Nei giorni del Cairo Tarek Heggy ha voluto mischiarsi alla folla egiziana, andare a vedere quale Egitto era riuscito finalmente a dire la sua, a scavalcare il muro della paura in piazza Tahrir. Ha camminato nel luogo simbolo della “rivoluzione del loto”, la piazza dove migliaia di egiziani – chiedendo all’elite militare di forzare il raìs fuori dalla stanza dei bottoni – hanno messo fine alla dittatura di Hosni Mubarak. Si è mischiato a loro, ne ha guardato i volti, ne ha ascoltato gli slogan, misurato l’estrazione culturale ed educativa. “Era la classe media che stava in quella piazza”.
Tarek Heggy è uno stratega energetico, un intellettuale e un politico liberale egiziano, che è stato chiamato a discutere delle rivoluzioni democratiche nel mondo arabo durante un incontro organizzato ieri dalla fondazione Magna Carta e dall’associazione Summit. Nato sessantuno anni fa a Porto Said, da una famiglia di musulmani liberali (“ho avuto due genitori dai quali non ho mai sentito proferire una sola parola anti-semita o anti-cristiana”), Heggy sembra essere l’uomo perfetto per il suo paese che (forse) la maggioranza degli egiziani ancora non conosce.

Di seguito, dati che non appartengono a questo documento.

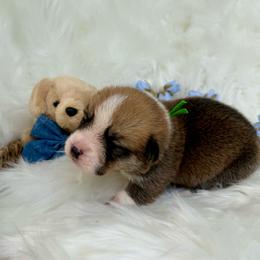 Luca (Green Collar) - Red male Pembroke Welsh Corgi puppy in North Charleston, South Carolina from Corgivilla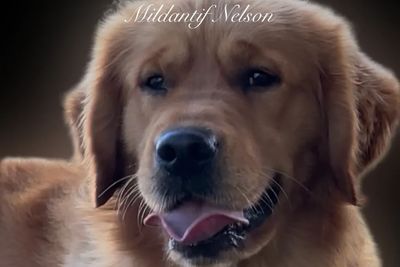 Nelson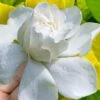 Gold Doubloon Gardenia - 3 Gallon Pot 2 Gold Doubloon Gardenia - 3 Gallon Pot -Best Plant Shop gardenia ogon no hana gold doubloon 10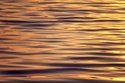 Finding Peace of Mind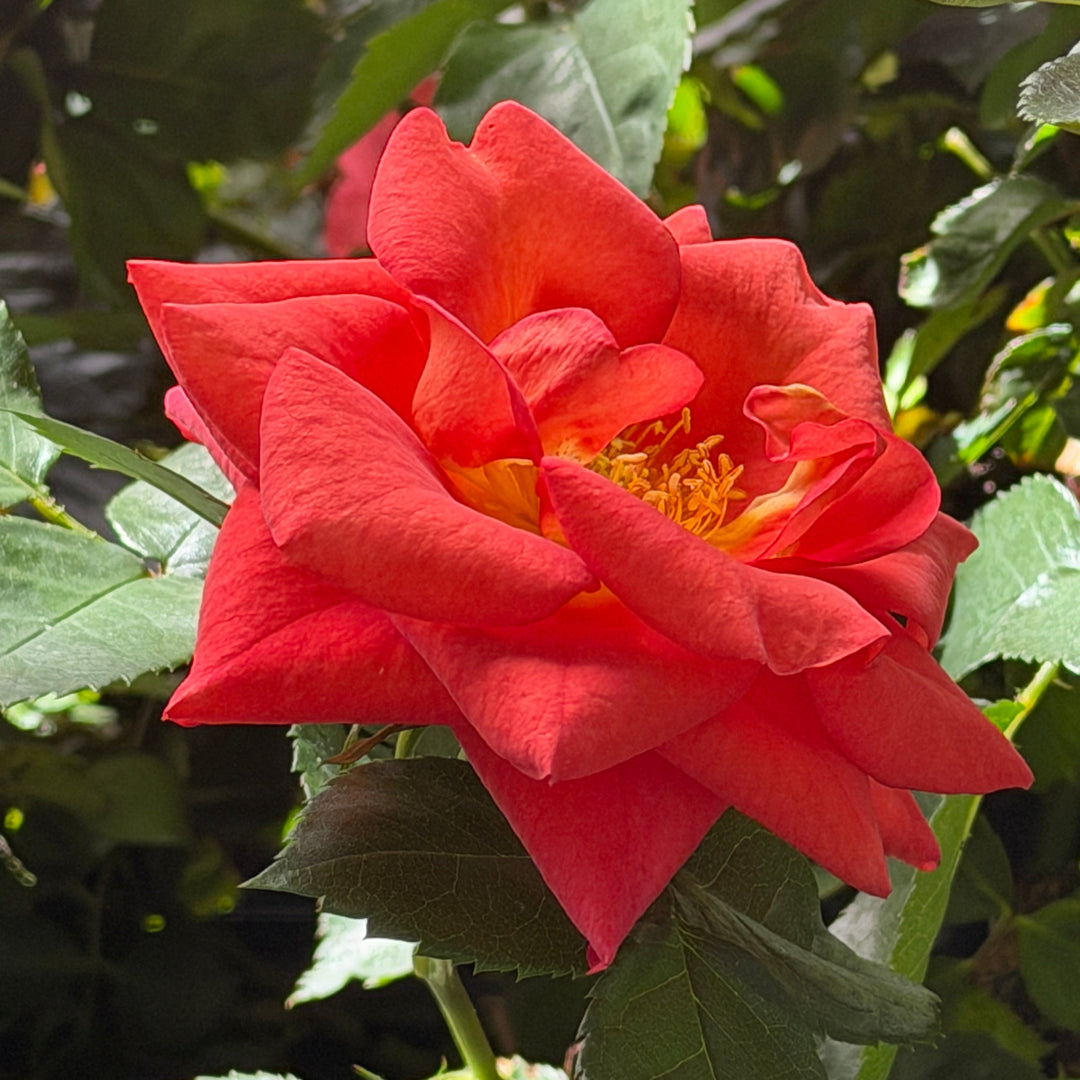 Rise Up® Emberays Climbing Rose |Spotswood Greenery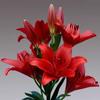 Perfume importado semente de lírio semente de semente de bulbo floração quatro estações semente com raiz com botão flor de corte lírio planta de vaso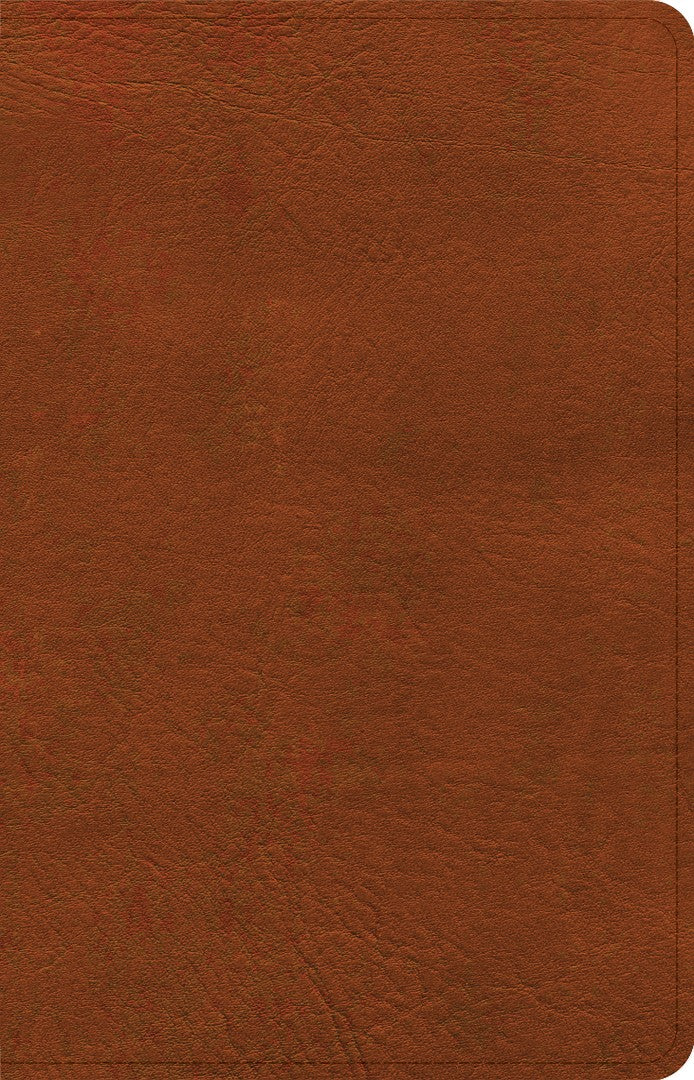 NASB Personal Size Bible, Burnt Sienna Leathertouch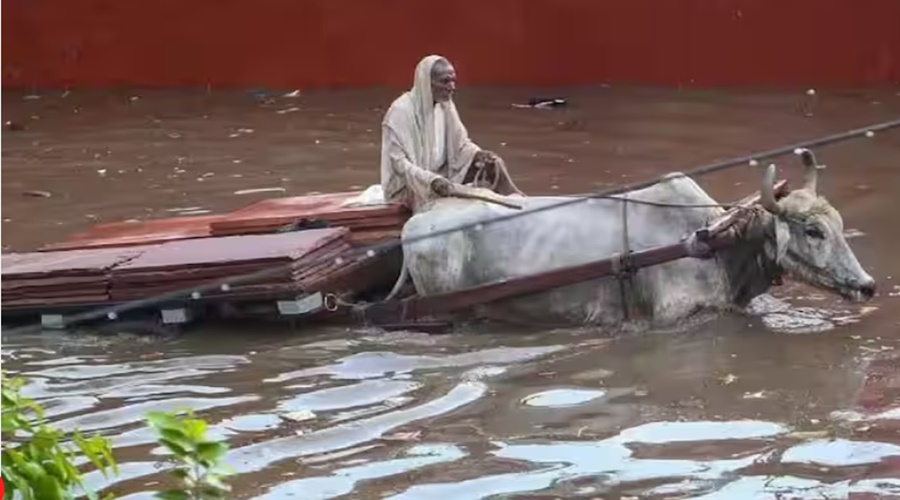 North India rained heavily! Life disrupted, 37 people died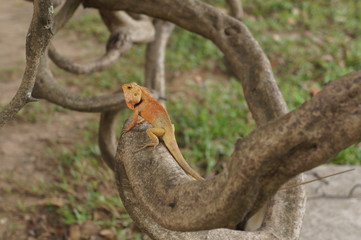 Orange lizard walking across twisted tree killing fields Cambodia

Un illuminista, un liberale che vorrebbe vedere il suo Egitto governato da persone che siano in grado di “costruire il futuro nel presente”. Per far questo Heggy fonderà presto un nuovo partito: “Si chiamerà il partito dell’Altro”, come ha ricordato lui stesso durante l’incontro. “Lanceremo una forza che sarà fondata su tre pilastri: il rifiuto dell’ideologia; il rispetto delle minoranze (copta, beduina, nubiana); i diritti per le donne. Un partito per coloro che oggi non sono rappresentati in Egitto”.
Tarek Heggy crede fortemente nel suo paese (“sono molto ottimista sul futuro del mio Egitto”) e conosce le cause storiche del ritardo culturale e giuridico del mondo arabo-musulmano: “E’ dal XII sec. che l’islam ha deciso di rinunciare al pensiero critico, da quando le opere di un Averroè furono bruciate. Un uomo che non esito a paragonare al vostro Aristotele”.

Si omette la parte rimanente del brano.